Multi-objective optimization-inspired set theory-based regularization approach for force reconstruction with bounded uncertainties

Abstract

In force reconstruction, multi-source incomplete information makes it difficult for traditional methods to model and solve the problem accurately, especially with noise or measurement errors. Inspired by multi-objective optimization, this paper proposes a novel set theory-based regularization approach (STR) to enhance adaptability to uncertainties and improve reconstruction accuracy and robustness. The nominal force inversion is constituted and then extended into the interval uncertainty framework, and an effective orthogonal sampling-based interval prediction method is proposed to analyze the coupled effect of force inversion and uncertainty propagation. Once the uncertainty level of the complex structure is known, this prediction method can accurately and quickly estimate the fluctuation bound of the identified force.
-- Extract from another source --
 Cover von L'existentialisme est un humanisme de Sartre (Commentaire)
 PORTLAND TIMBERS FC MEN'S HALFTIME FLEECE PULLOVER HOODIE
Enlightened by the completely same logic between the regularization method used in force inversion and multi-objective optimization problem, namely, simultaneously satisfying the norm minimization of the solution and the residual parameter, this study develops a novel multi-objective optimization-inspired set theory-based regularization parameter selection method. This method incorporates the interval dominance relationship to select the most competitive regularization parameter under interval uncertainties. Therefore, an accurate reconstuction framework with bounded uncertainties is finally proposed and verified by two numerical examples.